(Data items)
------------------------------------
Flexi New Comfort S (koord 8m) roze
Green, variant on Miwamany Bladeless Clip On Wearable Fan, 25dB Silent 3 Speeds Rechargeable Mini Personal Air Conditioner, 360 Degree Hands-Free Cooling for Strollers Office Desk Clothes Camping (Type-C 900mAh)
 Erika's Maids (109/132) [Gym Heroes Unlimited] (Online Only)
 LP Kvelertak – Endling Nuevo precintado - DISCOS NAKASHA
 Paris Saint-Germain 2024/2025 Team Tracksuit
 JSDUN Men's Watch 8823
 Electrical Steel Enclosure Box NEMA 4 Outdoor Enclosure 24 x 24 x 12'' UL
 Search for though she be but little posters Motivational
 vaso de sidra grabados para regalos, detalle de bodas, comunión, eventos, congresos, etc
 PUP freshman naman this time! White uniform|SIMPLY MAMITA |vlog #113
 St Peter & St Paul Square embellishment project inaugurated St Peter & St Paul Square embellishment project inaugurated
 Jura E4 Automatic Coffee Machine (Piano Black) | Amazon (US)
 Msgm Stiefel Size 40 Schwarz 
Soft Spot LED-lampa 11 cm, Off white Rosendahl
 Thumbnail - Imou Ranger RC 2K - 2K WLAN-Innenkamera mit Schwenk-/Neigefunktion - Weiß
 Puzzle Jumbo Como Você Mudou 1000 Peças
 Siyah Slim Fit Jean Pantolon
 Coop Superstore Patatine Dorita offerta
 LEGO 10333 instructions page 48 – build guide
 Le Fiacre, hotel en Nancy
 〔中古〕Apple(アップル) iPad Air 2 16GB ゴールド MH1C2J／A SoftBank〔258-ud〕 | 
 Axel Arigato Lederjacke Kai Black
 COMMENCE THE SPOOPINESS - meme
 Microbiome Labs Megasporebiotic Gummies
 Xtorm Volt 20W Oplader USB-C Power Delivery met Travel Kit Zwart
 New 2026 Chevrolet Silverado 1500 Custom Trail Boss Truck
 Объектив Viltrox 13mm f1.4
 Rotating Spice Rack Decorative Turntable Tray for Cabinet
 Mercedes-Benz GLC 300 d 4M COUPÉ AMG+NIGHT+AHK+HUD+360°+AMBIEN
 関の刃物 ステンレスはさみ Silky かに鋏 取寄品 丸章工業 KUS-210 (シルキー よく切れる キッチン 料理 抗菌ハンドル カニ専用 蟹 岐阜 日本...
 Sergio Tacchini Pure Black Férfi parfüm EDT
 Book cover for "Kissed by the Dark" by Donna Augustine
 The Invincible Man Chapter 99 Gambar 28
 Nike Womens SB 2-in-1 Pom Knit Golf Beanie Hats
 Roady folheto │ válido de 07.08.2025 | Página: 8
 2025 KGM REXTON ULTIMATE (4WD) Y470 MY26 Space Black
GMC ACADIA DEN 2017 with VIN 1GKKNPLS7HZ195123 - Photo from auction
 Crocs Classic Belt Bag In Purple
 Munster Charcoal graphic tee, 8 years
------------------------------------
=== YOUR OBJECTIVE ===
Please transcribe the entries above exactly as written.

=== TASK ANSWER ===
Flexi New Comfort S (koord 8m) roze
Green, variant on Miwamany Bladeless Clip On Wearable Fan, 25dB Silent 3 Speeds Rechargeable Mini Personal Air Conditioner, 360 Degree Hands-Free Cooling for Strollers Office Desk Clothes Camping (Type-C 900mAh)
 Erika's Maids (109/132) [Gym Heroes Unlimited] (Online Only)
 LP Kvelertak – Endling Nuevo precintado - DISCOS NAKASHA
 Paris Saint-Germain 2024/2025 Team Tracksuit
 JSDUN Men's Watch 8823
 Electrical Steel Enclosure Box NEMA 4 Outdoor Enclosure 24 x 24 x 12'' UL
 Search for though she be but little posters Motivational
 vaso de sidra grabados para regalos, detalle de bodas, comunión, eventos, congresos, etc
 PUP freshman naman this time! White uniform|SIMPLY MAMITA |vlog #113
 St Peter & St Paul Square embellishment project inaugurated St Peter & St Paul Square embellishment project inaugurated
 Jura E4 Automatic Coffee Machine (Piano Black) | Amazon (US)
 Msgm Stiefel Size 40 Schwarz 
Soft Spot LED-lampa 11 cm, Off white Rosendahl
 Thumbnail - Imou Ranger RC 2K - 2K WLAN-Innenkamera mit Schwenk-/Neigefunktion - Weiß
 Puzzle Jumbo Como Você Mudou 1000 Peças
 Siyah Slim Fit Jean Pantolon
 Coop Superstore Patatine Dorita offerta
 LEGO 10333 instructions page 48 – build guide
 Le Fiacre, hotel en Nancy
 〔中古〕Apple(アップル) iPad Air 2 16GB ゴールド MH1C2J／A SoftBank〔258-ud〕 | 
 Axel Arigato Lederjacke Kai Black
 COMMENCE THE SPOOPINESS - meme
 Microbiome Labs Megasporebiotic Gummies
 Xtorm Volt 20W Oplader USB-C Power Delivery met Travel Kit Zwart
 New 2026 Chevrolet Silverado 1500 Custom Trail Boss Truck
 Объектив Viltrox 13mm f1.4
 Rotating Spice Rack Decorative Turntable Tray for Cabinet
 Mercedes-Benz GLC 300 d 4M COUPÉ AMG+NIGHT+AHK+HUD+360°+AMBIEN
 関の刃物 ステンレスはさみ Silky かに鋏 取寄品 丸章工業 KUS-210 (シルキー よく切れる キッチン 料理 抗菌ハンドル カニ専用 蟹 岐阜 日本...
 Sergio Tacchini Pure Black Férfi parfüm EDT
 Book cover for "Kissed by the Dark" by Donna Augustine
 The Invincible Man Chapter 99 Gambar 28
 Nike Womens SB 2-in-1 Pom Knit Golf Beanie Hats
 Roady folheto │ válido de 07.08.2025 | Página: 8
 2025 KGM REXTON ULTIMATE (4WD) Y470 MY26 Space Black
GMC ACADIA DEN 2017 with VIN 1GKKNPLS7HZ195123 - Photo from auction
 Crocs Classic Belt Bag In Purple
 Munster Charcoal graphic tee, 8 years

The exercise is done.